Em outro momento quando Ophelia está conversando com o irmão, ele conta a ela sobre a tarefa de abrir cadáveres para estudar os órgãos que existem no corpo, algo ainda degradante para aquela época. Ophelia se põe a conjeturar sobre o que existe dentro de cada um de nós, não fisicamente, mas falando de sentimentos. E ela diz: “sempre me pergunto em que parte do coração reside o amor!” Lindo! E eu aqui me pergunto em que parte de mim existe essa fonte inesgotável de ternura que a cada dia em que fico mais e mais velha, mais borbulha com tanta profusão! Se me desmanchassem hoje, encontrariam ossos, sangue e ternura em abundância. Ouso repetir o que li em Raul Brandão: “A que se reduz afinal a vida? A um momento de ternura e mais nada, extraio ternura duma pedra”. Eu também!

Sobreviver não basta não. É preciso dar asas aos sonhos, não recusar as dores, antes agradecer porque Deus sempre transforma o mal em bem e em nossa alma moram anjos. Não podemos passar pelo tropel da vida sem afinar os sentimentos, identificar o que realmente importa. E realmente os últimos anos serão os melhores, os mais bonitos.

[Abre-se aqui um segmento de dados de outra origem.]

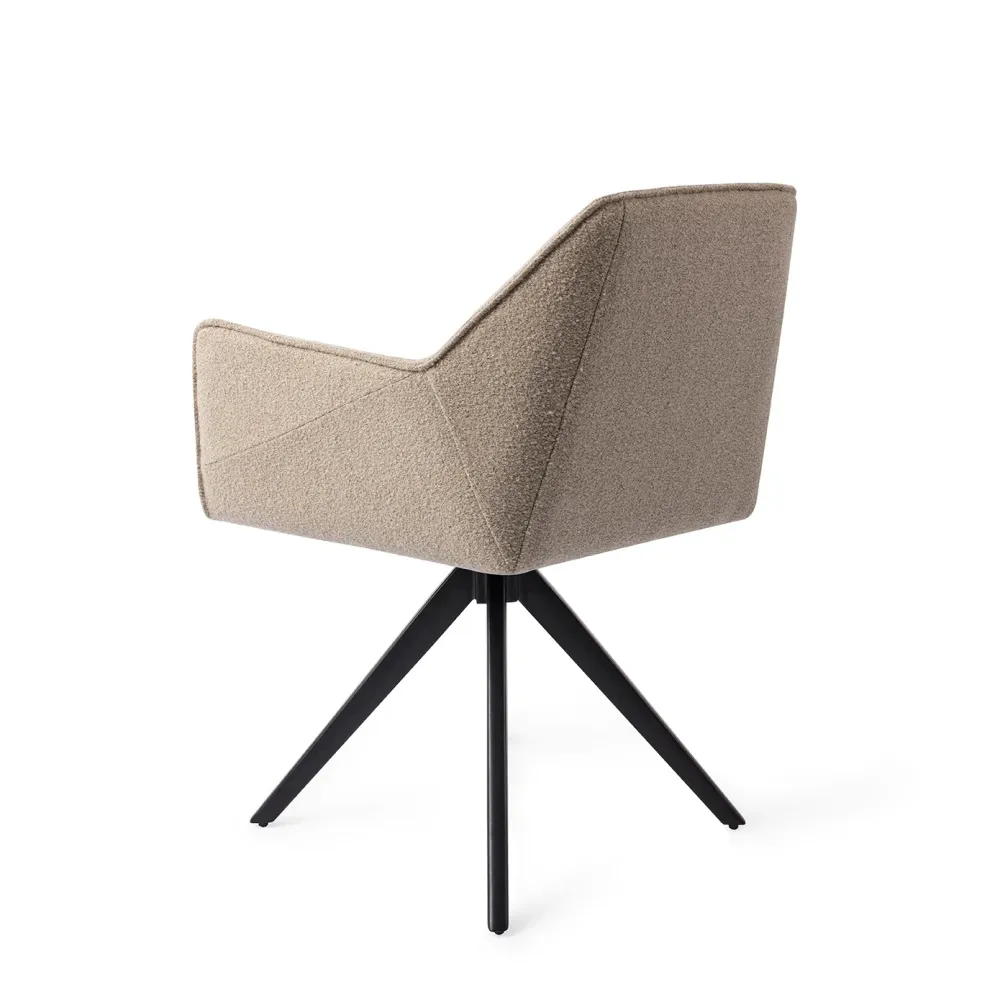 Jesper Home Tome eetkamerstoel Great Greige turn black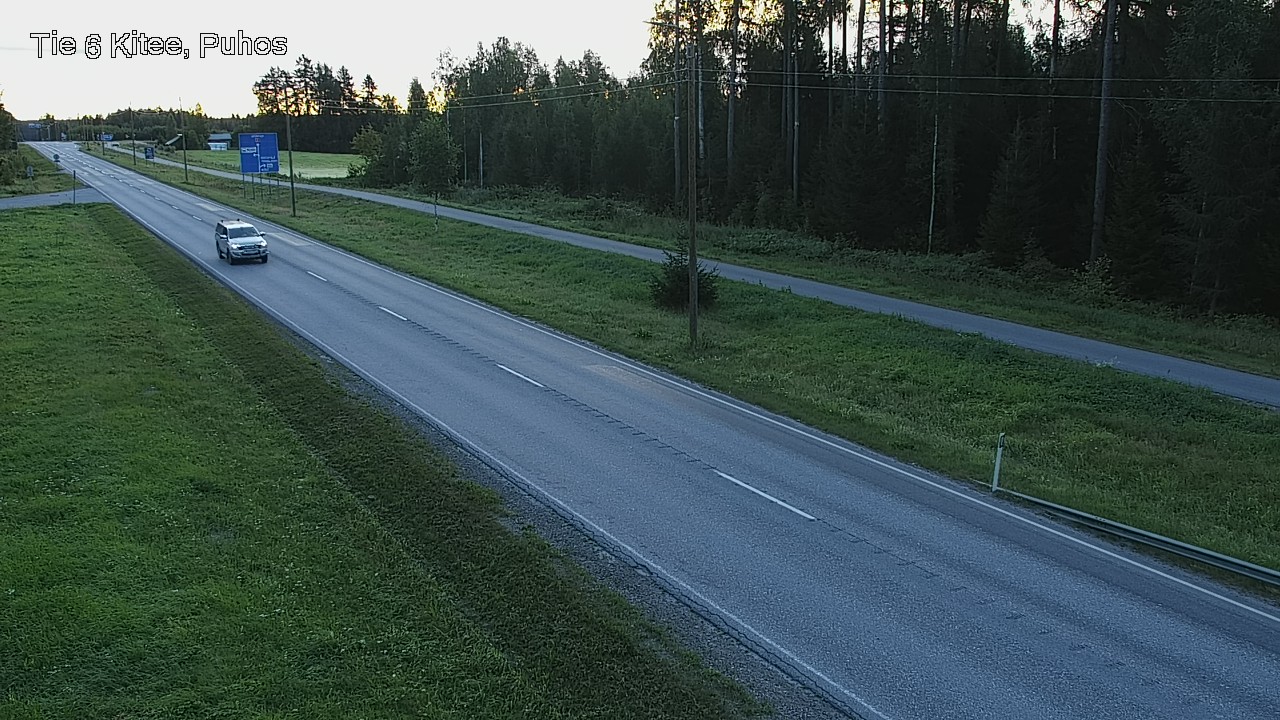 Kelikamerat Kuva Tie 6 Kitee, Puhos, Kitee, Pohjois-Karjala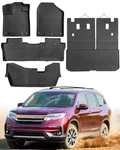 All Weather Floor Mats For Honda Pilot 2016-2022 (only 8 Seater), Front 2.... Fixed Price $217.75.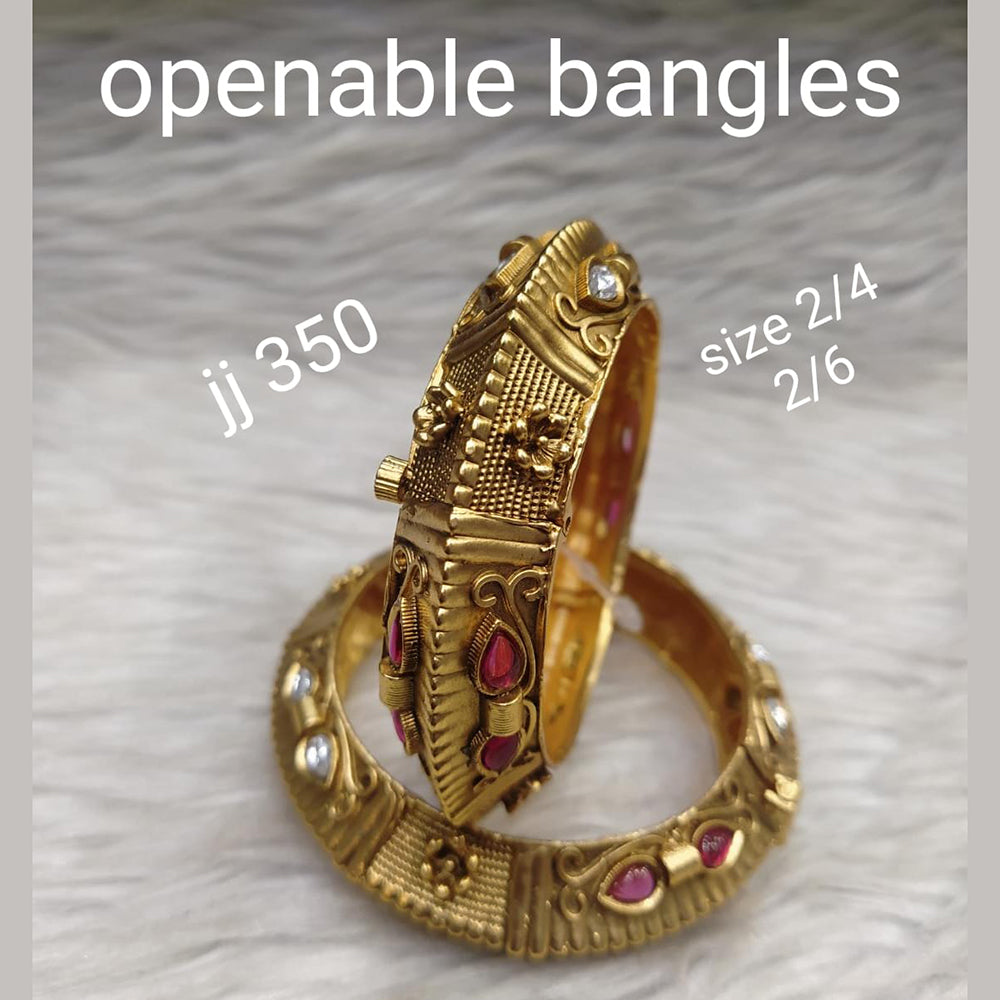Jain Jewellers Gold Plated Openable Kada - 11062277
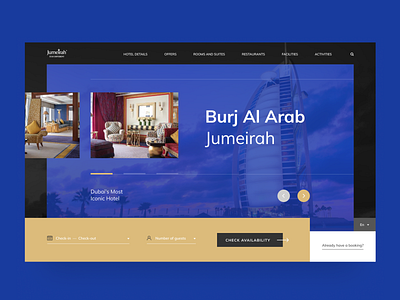 Burj Alarab site concept design figma minimal ui uidesign uidesigner web webdesign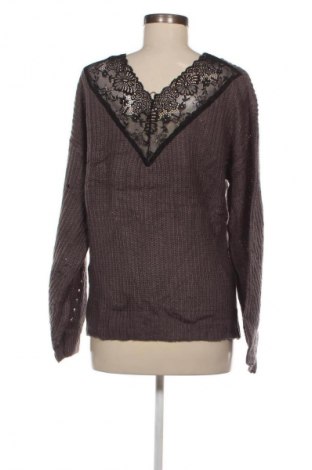 Γυναικείο πουλόβερ Pieces, Μέγεθος L, Χρώμα Γκρί, Τιμή 4,99 €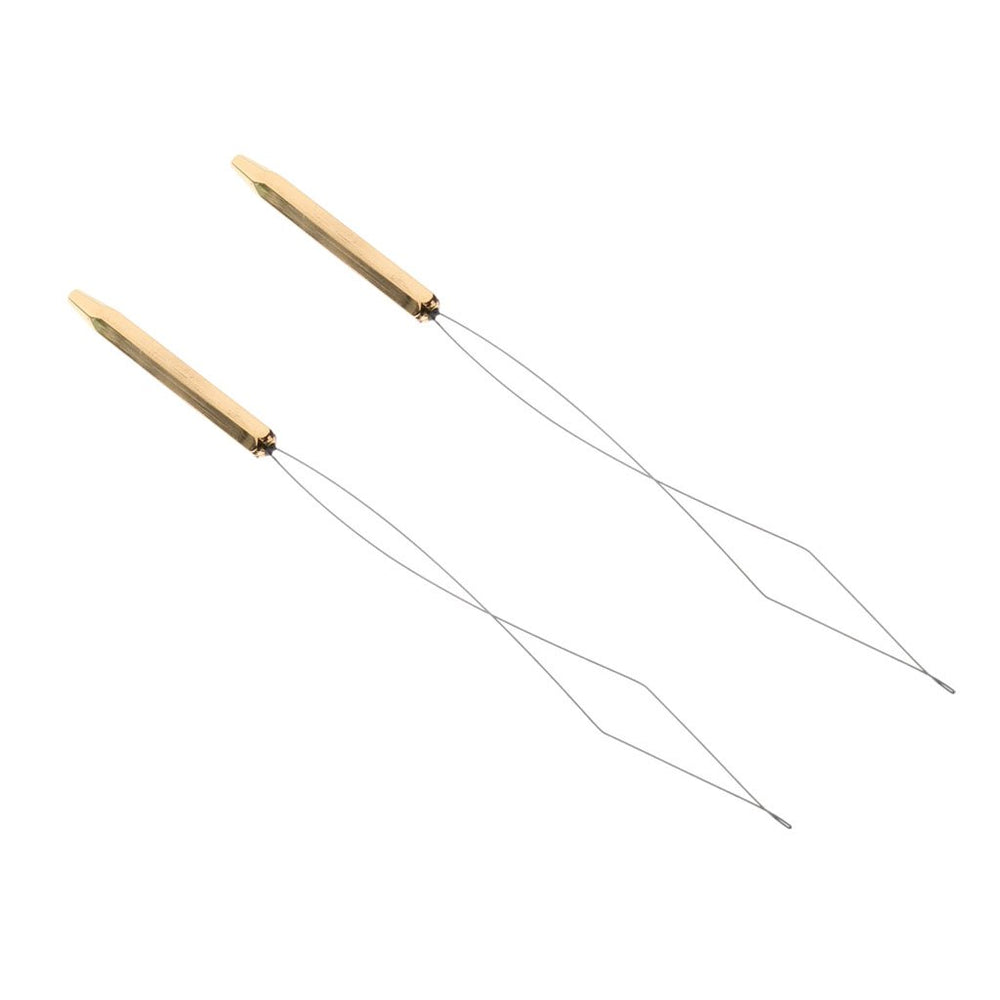 Fly Tying Bobbin Threader side view reveals compact form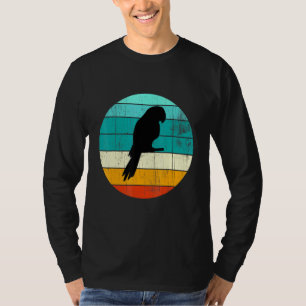 Vintage Parrot Sunset Retro Sun Colourful Silhouet T-Shirt
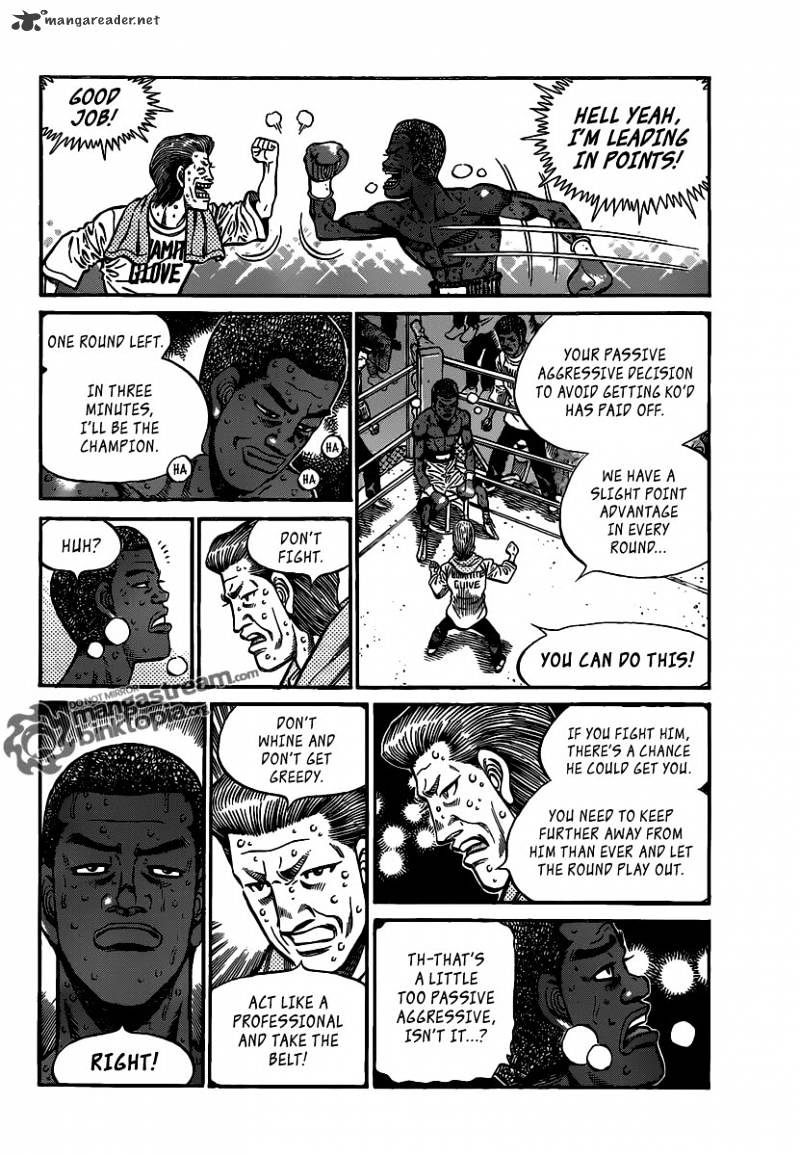 Hajime no Ippo – The First Step chapter 942 page 4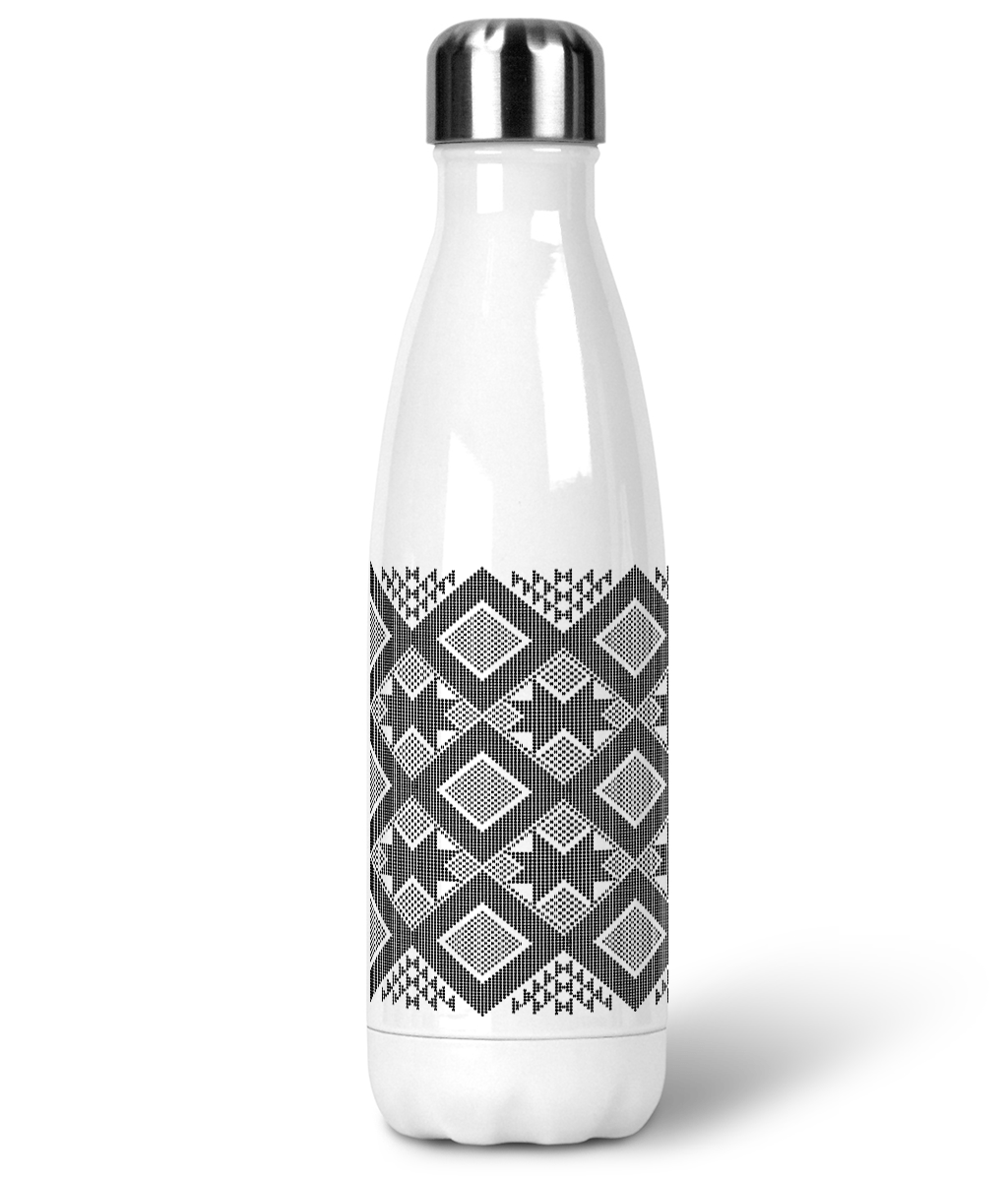 Premium Stainless Steel Water Bottle Panu di Pinti Pattern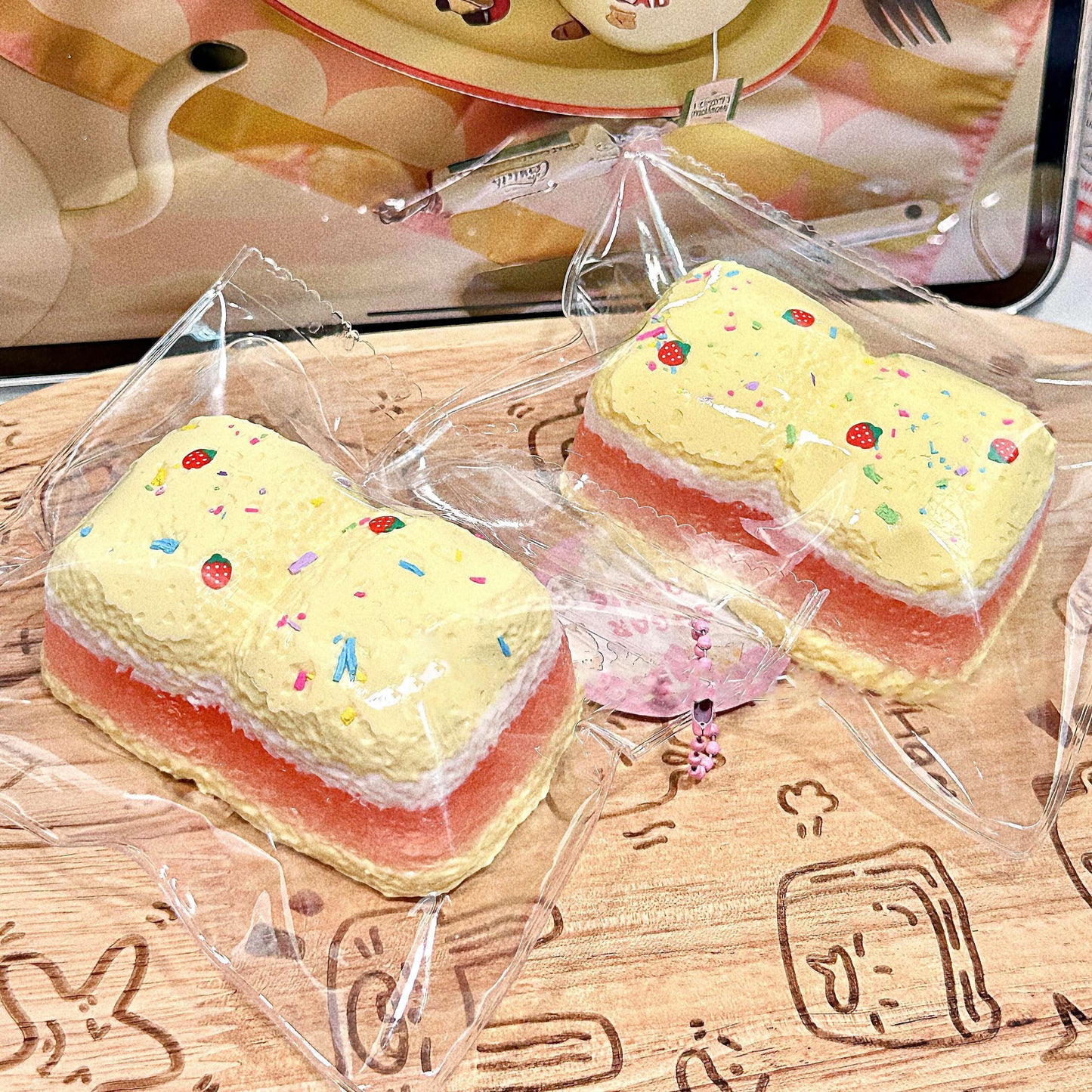 Strawberry Milk Two-Pack Squishy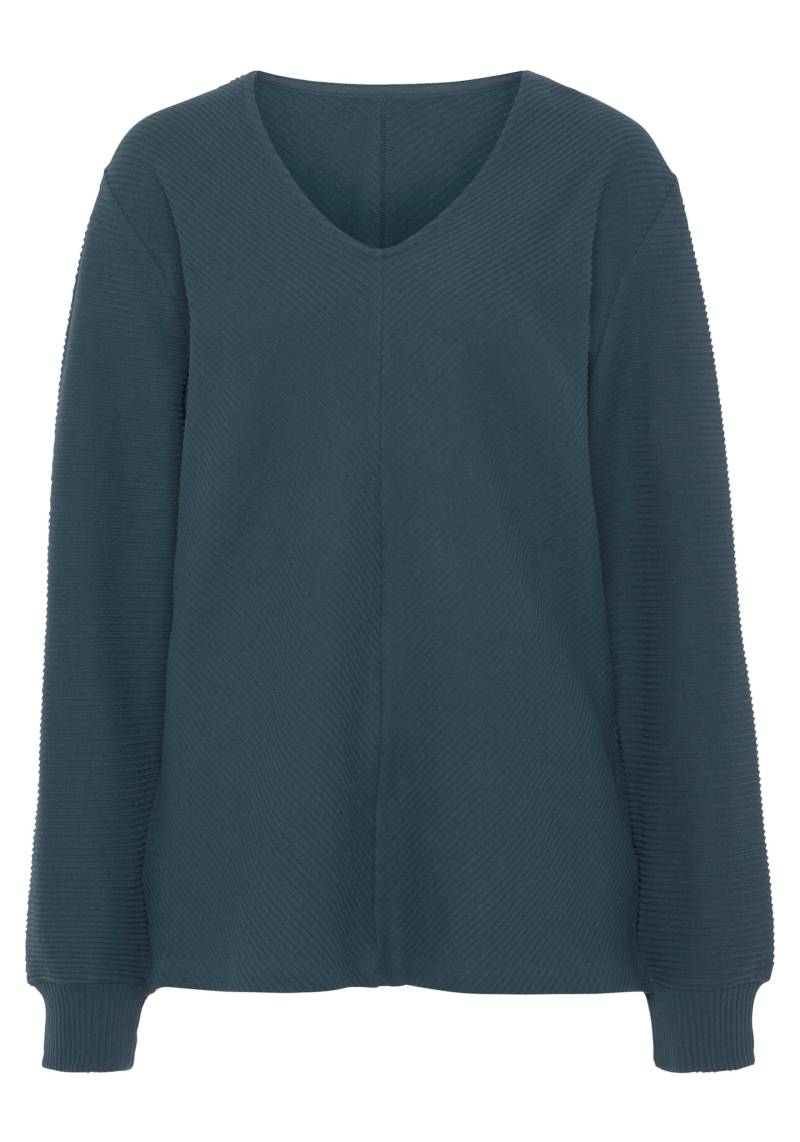 Sweatshirt in petrol von s.Oliver von s.Oliver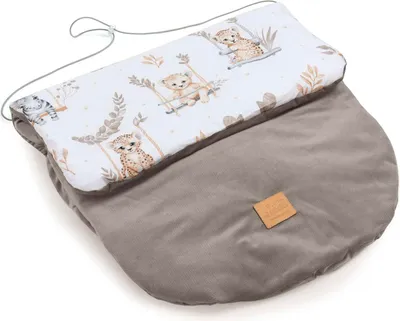 Produktbild von Happy Jungle & Latte Velvet Fußsack für Autositz und Kinderwagen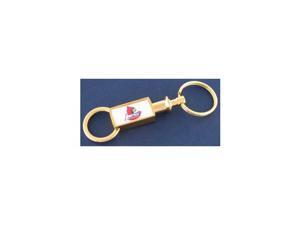 University of Louisville Gold Tone Valet Keychain University of Louisville Gold Tone Valet Keychain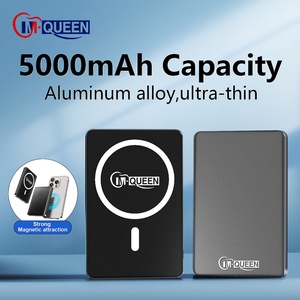 Mini Batería Externa Inalámbrica Portátil, Cargador Magnético de 5000 mAh para Teléfono Celular - Product Image 5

Tive uma plantinha que envelheceu, ficou feinha, mas eu teimava em conservá-la comigo, dava-lhe água e palavras gentis, nem sei por que. Num belo dia, percebi que dela brotou uma florzinha azulzinha, um mimo! Logo depois secou e morreu para sempre. Mas fez essa delicadeza antes do fim. Vivo encantada com a beleza de tudo que há, eu me quedo muda em gratidão, extasiada por ter a honra de assistir ao assombroso espetáculo da vida. E o mais assombroso de tudo está no coração.

Divaguei, elucubrei, viajei. Assim que gosto de viver.     

LUA DE MEL


Quando nos casamos, em outubro de 2003, meu marido já era viúvo. Eu solteira, bem mais velha do que costumam casar as moças. A lua de mel? Bem, fomos para Campos do Jordão, passar a primeira noite que de primeira não tinha nada, não foi a primeira nem a segunda. Mas ocorreu que neste final de ano de 2003, minha irmã teve que ir a Portugal e não tendo companhia, fui com ela. A família toda fez caçoada, a Misa se casou com o Motta e saiu de lua de mel com a Agueda para Portugal. Ora, pois, pois, e não foi?

Foi. Meu marido detesta viagens. E nós, irmãs puxa-saco que sempre fomos, fomos juntas a Portugal. Lá conheci minha enteada, que fez questão de comprar a camisa e gravata para o pai que se casaria comigo, agora na igreja em final de dezembro de 2003. Não abri mão de nada. Não mesmo. Quero tudo: vestido de noiva? Bem, não era vestido de noiva, mas de princesa, isso sim, era mesmo, de princesa! Buquê de flores? É claro que sim, que fiz questão de jogar para trás, só não me lembro de quem pegou.

Mas o mais engraçado é que hoje, em 05 de julho de 2019, meu marido me lembra, coisa que não me lembro de jeito nenhum, que o querido tio Iado confidenciou à filha Inácia: que coisa mais esquisita esses tempos modernos, a Misa se casa com o Motta e sai de lua de mel com a irmã? Ri até. Não me lembrava disso.